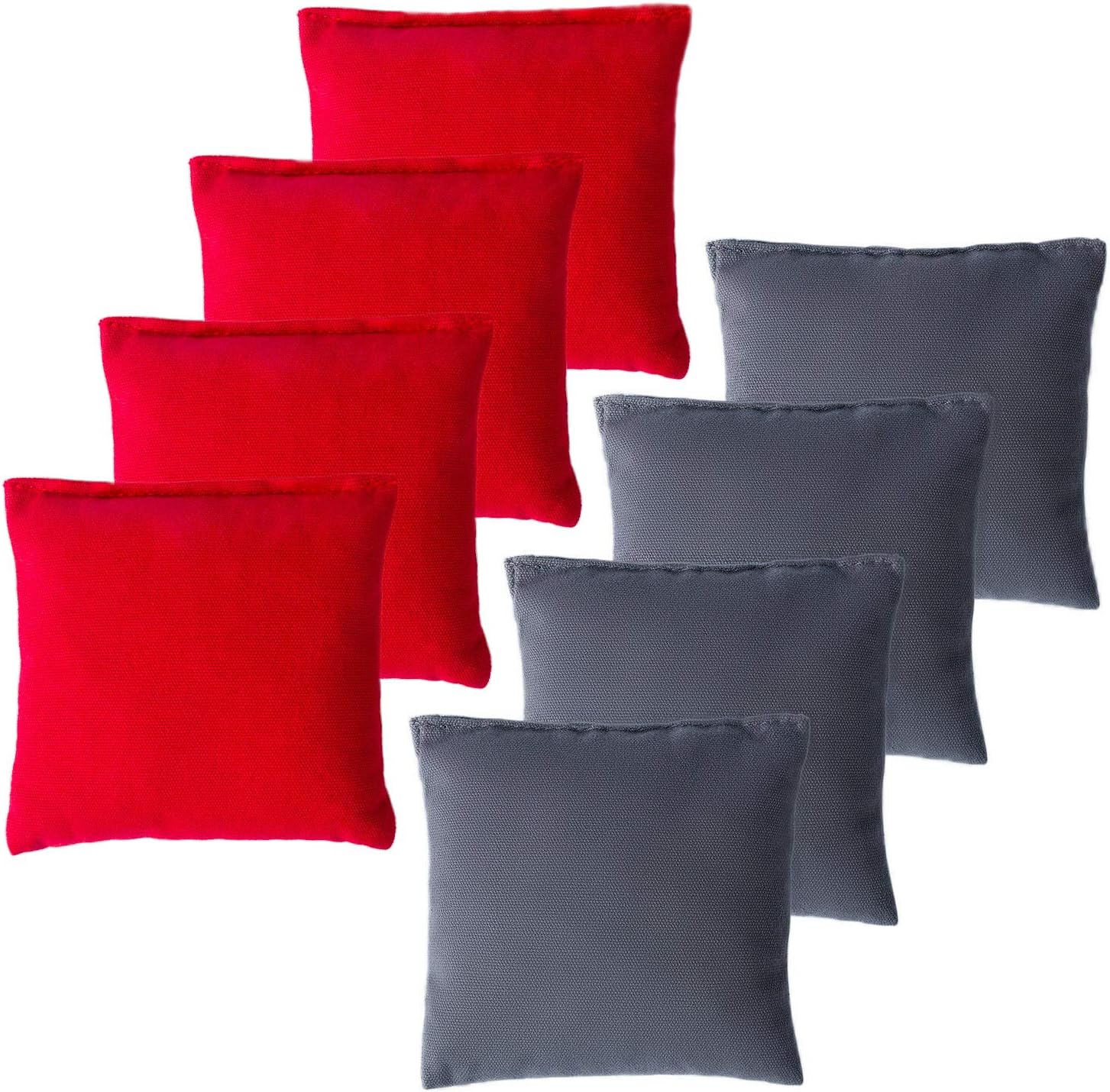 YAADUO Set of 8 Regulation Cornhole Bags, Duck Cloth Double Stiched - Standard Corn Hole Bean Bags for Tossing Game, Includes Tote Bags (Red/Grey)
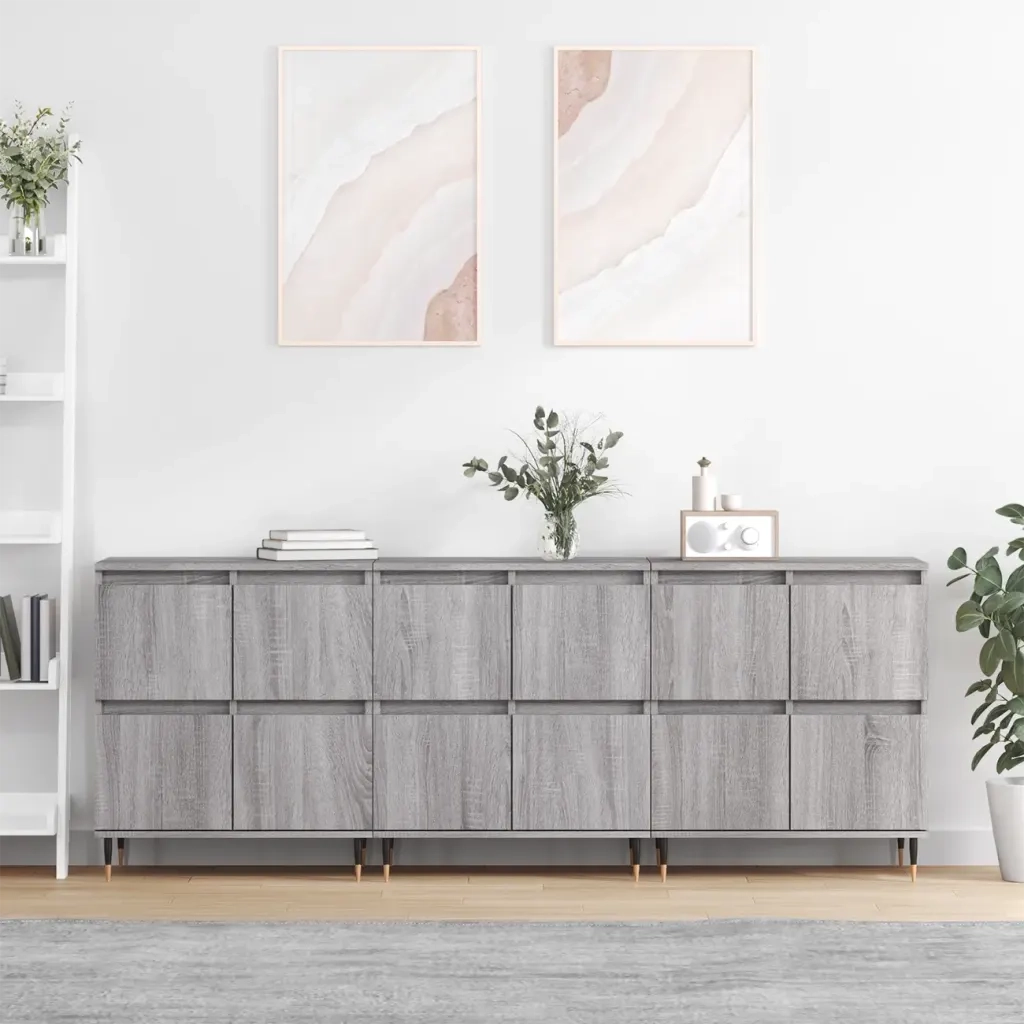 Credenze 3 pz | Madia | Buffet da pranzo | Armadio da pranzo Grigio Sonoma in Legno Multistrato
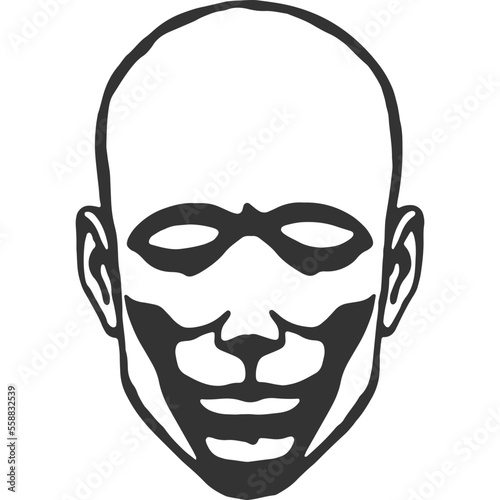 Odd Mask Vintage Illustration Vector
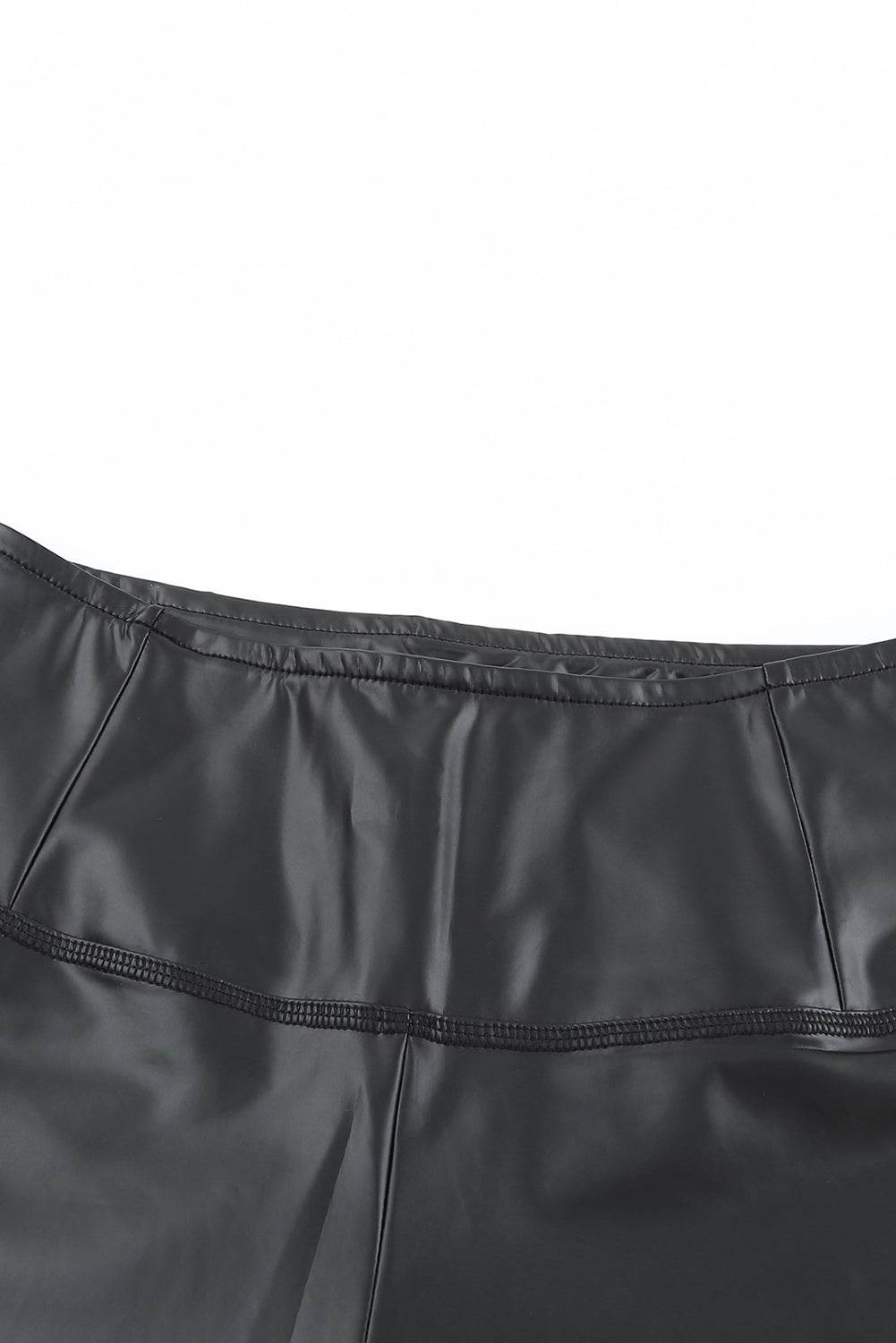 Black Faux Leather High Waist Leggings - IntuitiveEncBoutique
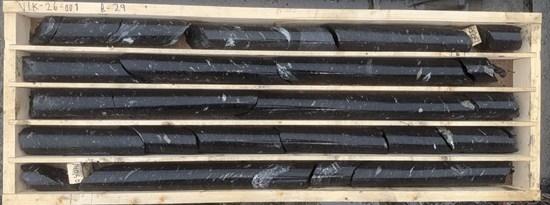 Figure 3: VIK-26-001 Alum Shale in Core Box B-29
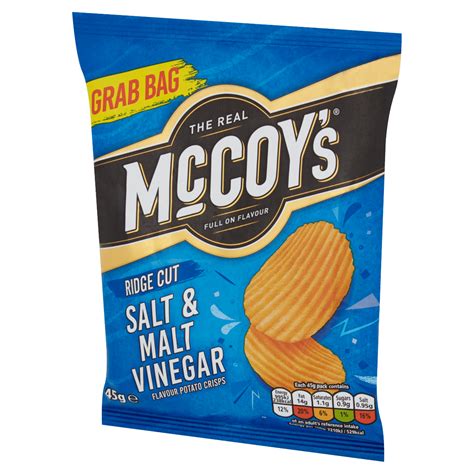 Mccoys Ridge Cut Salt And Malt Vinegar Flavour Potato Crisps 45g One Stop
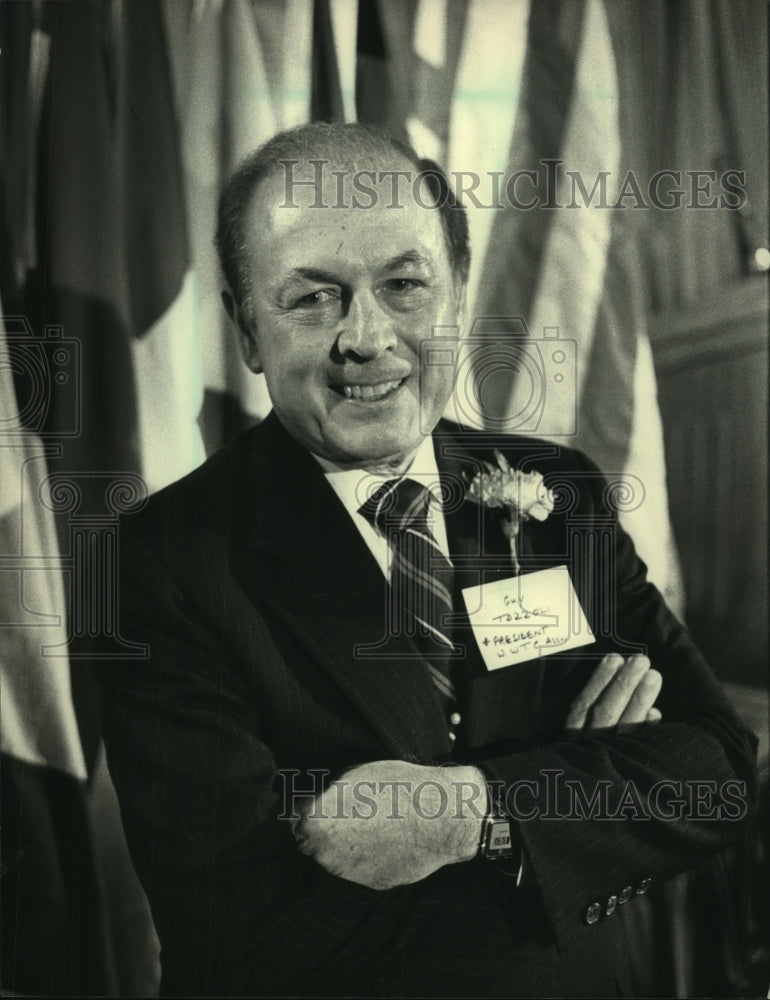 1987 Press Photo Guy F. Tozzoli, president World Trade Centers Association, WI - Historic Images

· · · · · · ·

WHAT THE TASK REQUIRES: Give again, word for word, only the lines from the one with "Odd Mask Vintage Illustration Vector" through the last line of the entries, both included; no pictures go in the copy.

ANSWER FOR THE TASK:
 Odd Mask Vintage Illustration Vector
 Black Faux Leather High Waist Leggings - IntuitiveEncBoutique
 Figure 3: VIK-26-001 Alum Shale in Core Box B-29
 Mccoys Ridge Cut Salt And Malt Vinegar Flavour Potato Crisps 45g One Stop
 1987 Press Photo Guy F. Tozzoli, president World Trade Centers Association, WI - Historic Images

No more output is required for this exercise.